その一方で前線にいるシュエは論争に参加せず、ただめんどくさそうな表情を浮かべながら敵の前衛の戦士を見ている。
「アナタ、アナタも。弱すぎ。闘うのはもっと修行してから」
「こ、こんにゃろぉ~……」
僕が盾を頂戴してしまった剣士が地面に伏せ呻いている。
(なんか可哀そうになってきた、盾を返してあげたほうがいいかな……)
そんなことを思いながらも、この膠着状態は保持しなくてはならなかった。
僕は前に進み出た。敵の前衛が武器を構えなおすが、僕はその場に踵を揃えて直立する。
剣を胸の前で真っすぐ上に掲げ、盾を剣より前方に突き出す。その後、今度は剣を真横に構えてから剣を鞘に納める。
「こいつぁ……王国騎士団の⁉」
よし、王国の作法に乗っ取った礼儀作法であることは伝わったようだ。敵意はない…… ただそのことを伝えるためだけに命を張らないといけないなんて。でも、ここまで来たからには意地を通す。
更に一歩前に出ると、敢えて背中を見せてしゃがむ。石を使って、できるだけ大きく地面に文字を書く。
『話し合おう 戦いたくない』
「これ以上、死人と語り合うことはないわっ!」
女司祭が錫杖を構えるが、レオンが前に出てそれを制した。
「おいシェリー、小難しいことは分からんがな…… 俺は殺したい奴は自分で決めるぞ。ここはもう手を出さん」
「レオン⁉」
「まぁ、こいつらが何ていうかだ。それからでも遅くはねぇさ…… なぁ、そこの骨よ」
そういうと、レオンは巨大な闘槌を背中に装着して、完全に戦闘態勢を解いた。場は完全に僕に委ねられた。できるだけのことをするんだ。
『ありがとう』
そう素早く書く。だがそれだけでは足りない。ここを穏便に引いてもらうためには、決定的な何かが必要だ。
『人を殺さない 傷つけない 誓う』
どうだ。

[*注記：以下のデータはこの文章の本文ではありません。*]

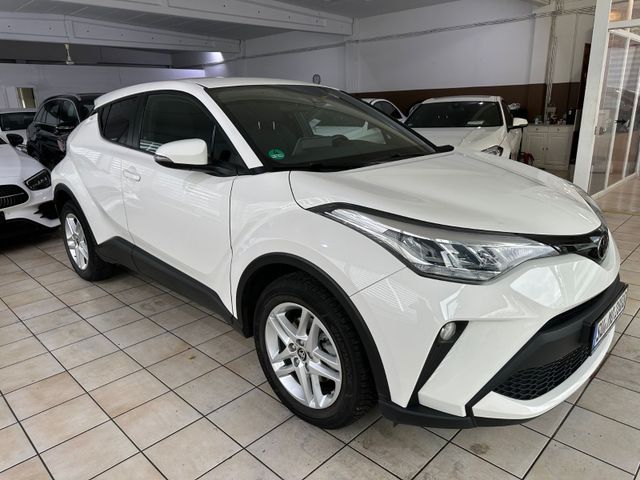 Toyota C-HR Flow Mod 2021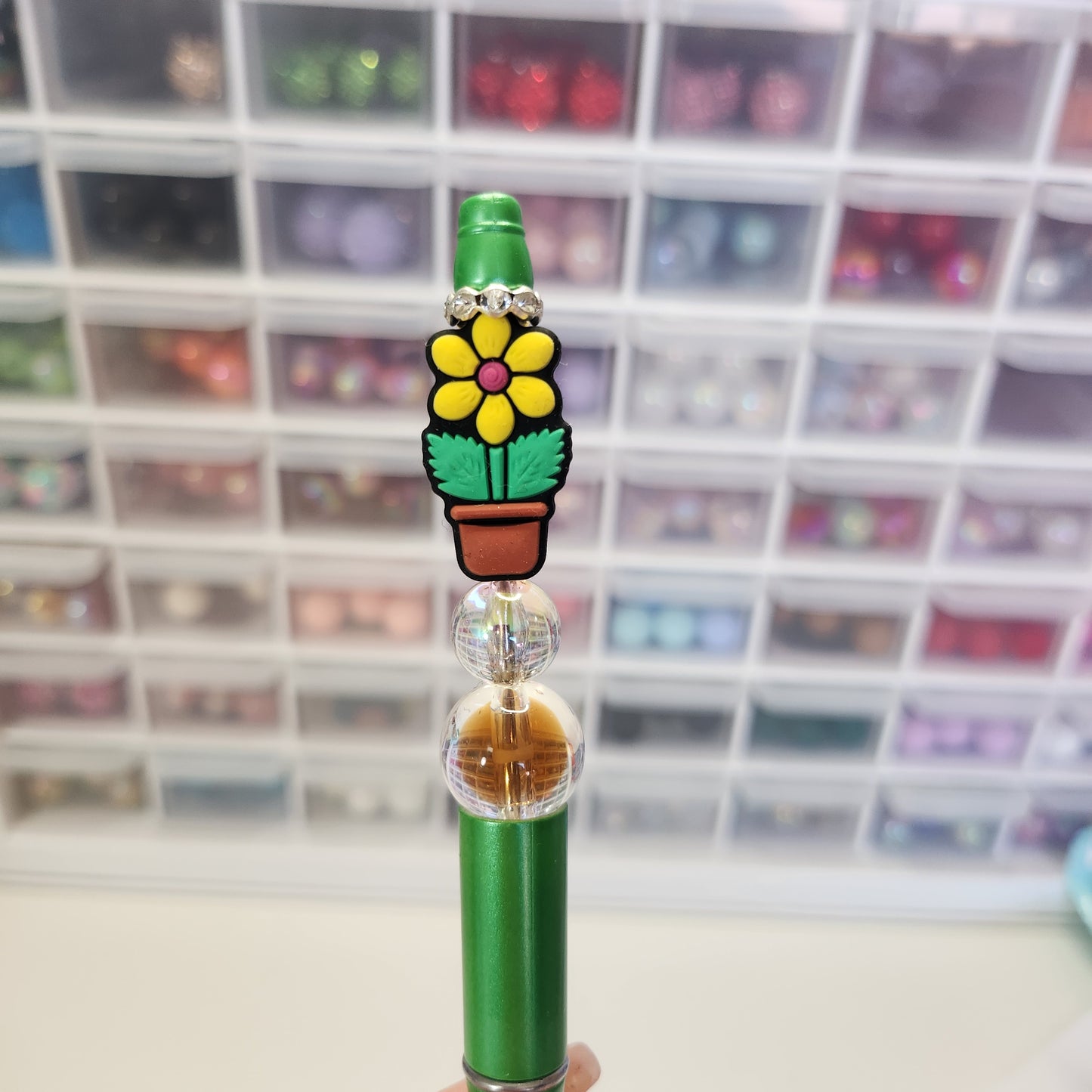 Small flower pot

敵は僕の書いた文字を半信半疑の目で見ている。
「確かに、このぐらいの奴らが来るだけなら傷つけずに制圧できる」
シュエが言い放つ。
「シュエちゃんは、ちょーっと黙ってようか?」
ピリピリしたニャスカがひきつった笑顔を浮かべながら言う。
レオンが腕組みをしながら前に進み出て言った。
「……誓え! ダンジョン内で、全ての人に危害を加えず、力の限り彼らを救うと」
異論もあろうはずがない…… もっとも、敵対さえしなければだが。いや、敵対しないよう最大限の努力をするんだ。
僕は鞄の中からニャスカの日記を取り出す。空白の一ページを指でつまむ。手帳の持ち主の方を見る。彼女がうなづいたのを確認してから、ページを破いた。筆記用の炭でレオンの言った内容を力強く書き、生きていたころの所属も加えて署名をした上でレオンに差し出した。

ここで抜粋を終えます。